Looking at the fotos from João Pedro Matos Pinto’s funeral were painful to see. The pain in seeing his tearful father, Neilton, hunched over his son’s casket pierced my heart for three little reasons that made me identify with his pain even more than how seeing the faces of Cláudia Ferreira da Silva’s grieving children back in 2014. Or 13-year old Igor Cordeiro Manhães, who was murdered by Military Police in Duque de Caxias, Rio de Janeiro. Unfortunately, there are too many other similar stories featured on this blog to name them all here, but these destructive actions that result in the breaking of so many families took on another meaning for me in mid 2015, when I became a father myself.
As if I even needed a reminder of this, a few days ago, my daughter unknowingly did something that made me feel João Pedro’s pain and appreciate the meaning of life even more intensely. On Sunday evening, my soon to be five-year old daughter was sitting quitely at my side watching a children’s cartoon film as I was gathering information on João Pedro’s funeral. On my computer screen, as I fixed my eyes on Neilton Mattos, João Pedro’s father screaming desperately over his son’s casket for the first time, at that very moment my daughter turned and kissed me on the cheek. In her world of children’s fantasy, she was totally disconnected from the scene of João Pedro’s funeral that left me transfixed for several seconds. At that moment all I could do was grab her in a strong embrace in a moment of thanks and appreciation mixed with the sadness of a pain that I can only hope I will never have to feel. Neilton Mattos isn’t so fortunate.

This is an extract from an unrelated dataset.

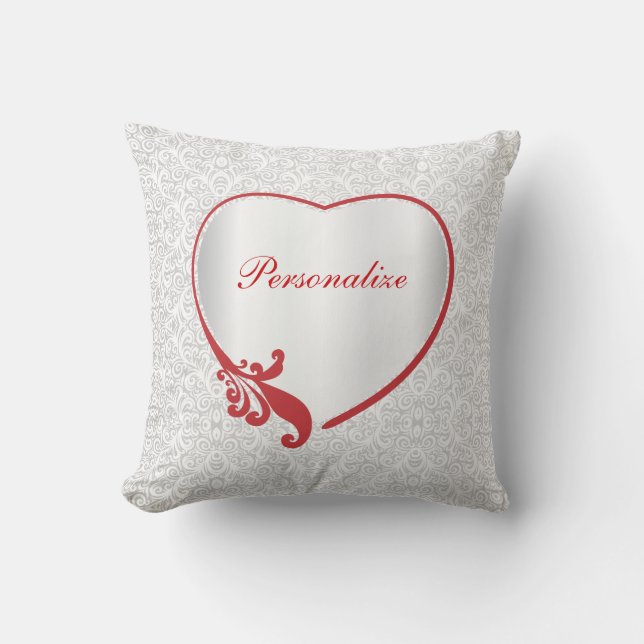Off White Satin and Red Love Heart Print Throw Pillow (Front)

Body of teenager killed in police operation in São Gonçalo is buried with calls for justice
Courtesy of Yahoo
The body of the teenager João Pedro Matos Pinto, 14, killed during an operation in the Complexo do Salgueiro, was buried on Tuesday afternoon, May 19th, at the São Miguel cemetery, in São Gonçalo, in the metropolitan region of Rio. Before the ceremony, friends and relatives carried out an act at the cemetery’s entrance calling for justice. João Pedro died after being shot in a joint action by the Civil and Federal police.
The act and the funeral were marked by great emotion among friends and family. João’s father, Neilton Mattos, needed to be supported by friends. At one point, he was seen leaning over his son’s coffin in sadly bidding his son farewell.
One of the objectives of the operation that ended with the teenager’s death was to arrest drug dealer Ricardo Severo, aka Faustão, 41, accused of controlling drug trafficking in Salgueiro. According to information from the Civil Police, during the action, the criminal and about ten security guards ran into a street behind João Pedro’s house.
Three agents from the Special Resources Coordination (Core) arrived on the way and there was an intense confrontation. To escape, the criminals jumped the walls of several residences. In the escape, some passed inside the house where the teenager was, throwing grenades at the police. The agents fought back. In the exchange of fire, João Pedro was shot. He was taken by one of his cousins to the spot where Core’s helicopter had landed. The teenager was rescued by the aircraft.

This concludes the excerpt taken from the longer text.